Hi Fruzsina,I think this is a valid issue we should try to solve. A different approach I am thinking about is that we could actually add an option to provide an entire avro schema to use. Something like: `avro-confluent.schema` which we would validate it maps properly to the schema of the table (that is names of fields and their types match) and use it instead of the generated one.
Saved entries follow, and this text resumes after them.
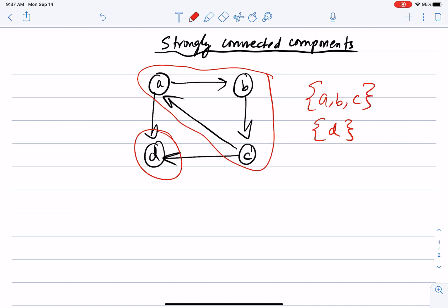How do we find strongly connected components? I will present the algorithm and give the intuition for why it works. If you look at a strongly connected component like {A, B, C}, one key property is that there is a path from A to every other node and from every other node back to A.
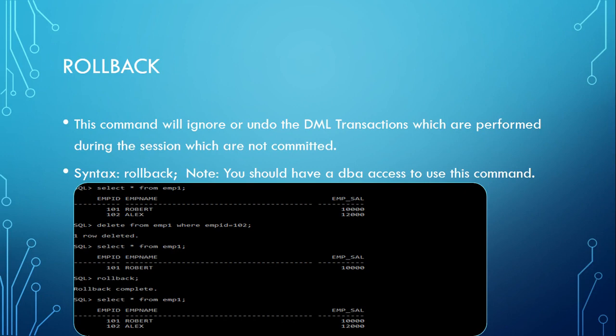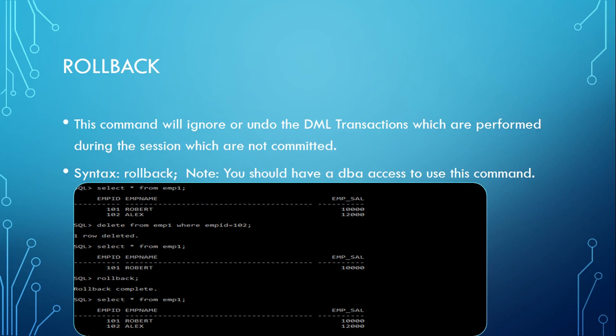This command will ignore or undo the DML transactions which are performed during the session which are not committed. Last we discussed about commit, which means we are updating, it's like a permanent update. Rollback is quite opposite to that, so it will rollback the changes, whatever records were inserted.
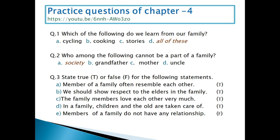Question number 2: who among the following cannot be a part of a family? A is society, B is grandfather, C is mother, D is uncle. Grandfather, mother, and uncle are our family members. So society is the correct option — society is not part of a family.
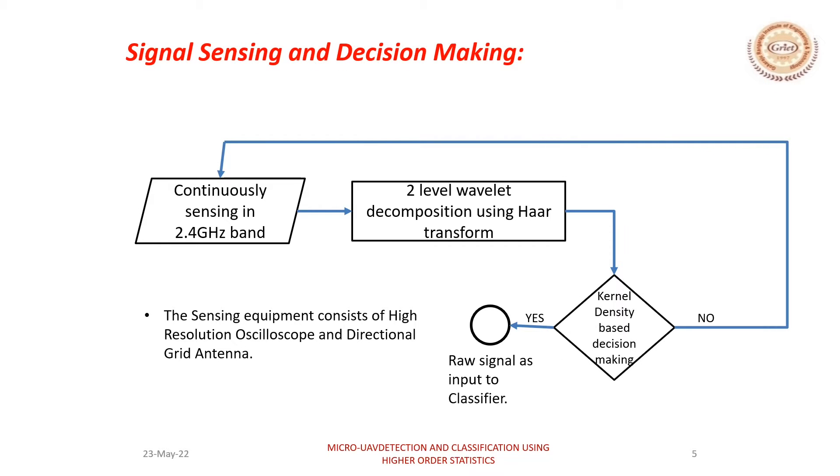In the detection part, we continuously sense the 2.4 GHz band and perform the pre-processing step. After the pre-processing step is performed, we give the signal to the kernel density-based decision-making algorithm.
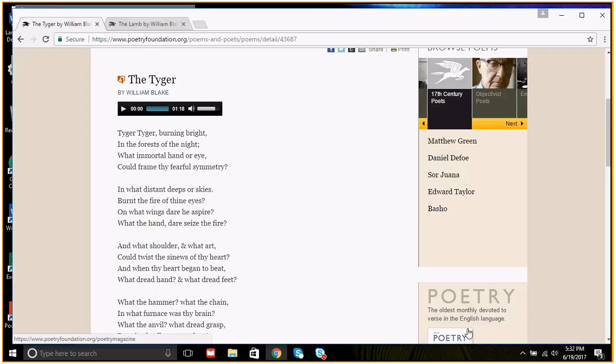The lamb has a very comforting aspect of the creator, that basically there's unity, that he who created the lamb created humans, created everything, and so there's an order. This child voice sees that it's not chaos, that there's order here, that there's a unity in all things, and we don't have this in our song of experience, which is the tiger.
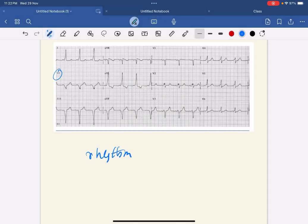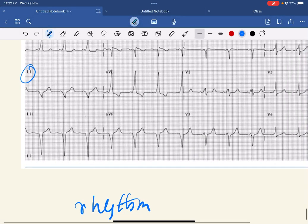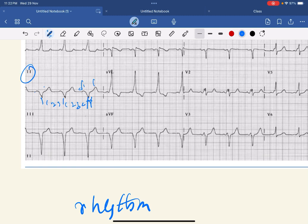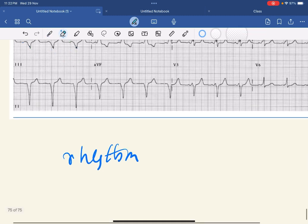In lead 2, there are P waves, QRS complexes, and T waves. Every P wave is followed by a QRS, and the RR interval looks fairly regular — 3 and a half, 3 and a half, 3 and a half — so it is quite regular. Therefore, it is normal sinus rhythm.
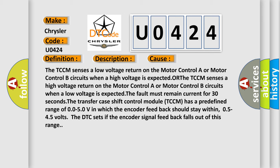The transfer case shift control module (TCCM) has a predefined range of 0.05-0.5V in which the encoder feedback should stay within 0.5-4.5 volts. The DTC sets if the encoder signal feedback falls out of this range. The airbag reset website aims to provide information in 52 languages.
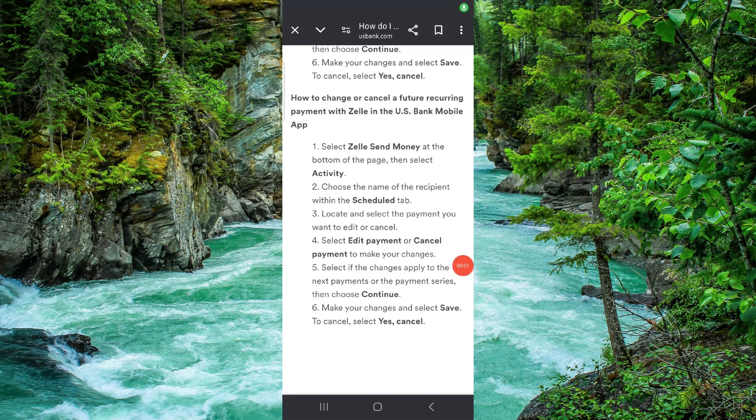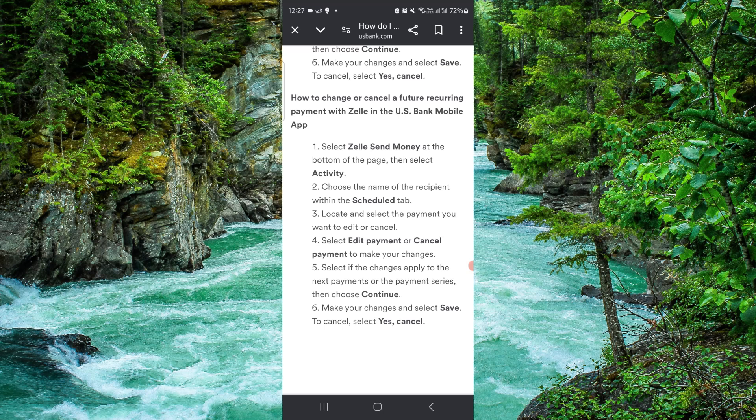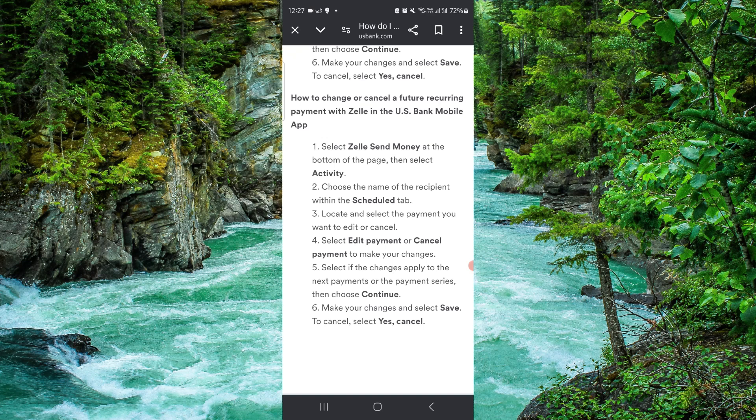Hello and welcome back to my channel. In today's video, I will show you how to stop the automatic Zelle payments. So let's get started. To cancel that, you have to follow these easy steps.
What do you think about that approach? Best, Dawid On 26/01/2023 11:29, Fruzsina Nagy wrote:
Hi everyone,
I have come across the below issue, while experimenting with the Confluent
registry and avro-confluent, debezium-avro-confluent formats. Please let me
know your thoughts on it. Should this issue be addressed?
Thanks in advance,
Fruzsina
The use case
Create a new topic on Confluent Cloud
Create a value schema with the name “sampleRecord”:
{
"type": "record",
"namespace": "com.mycorp.mynamespace",
"name": "sampleRecord",
…}
Create table with “avro-confluent” format:
CREATE TABLE `newtesttopic` (
`my_field1` INT NOT NULL,
`my_field2` DOUBLE NOT NULL,
`my_field3` VARCHAR(2147483647) NOT NULL,
") WITH (
'connector' = 'kafka',
'topic' = 'newtesttopic',
'scan.startup.mode' = 'latest-offset',
'properties.bootstrap.servers' = 'bootstrapServers',
'properties.sasl.jaas.config' = 'saslJaasConfig',
'properties.sasl.mechanism' = 'PLAIN',
'properties.security.protocol' = 'SASL_SSL',
'format' = 'avro-confluent',
'avro-confluent.url' = 'confluentSchemaRegUrl',
'avro-confluent.basic-auth.credentials-source' = 'USER_INFO',
'avro-confluent.basic-auth.user-info' = 'user:pw')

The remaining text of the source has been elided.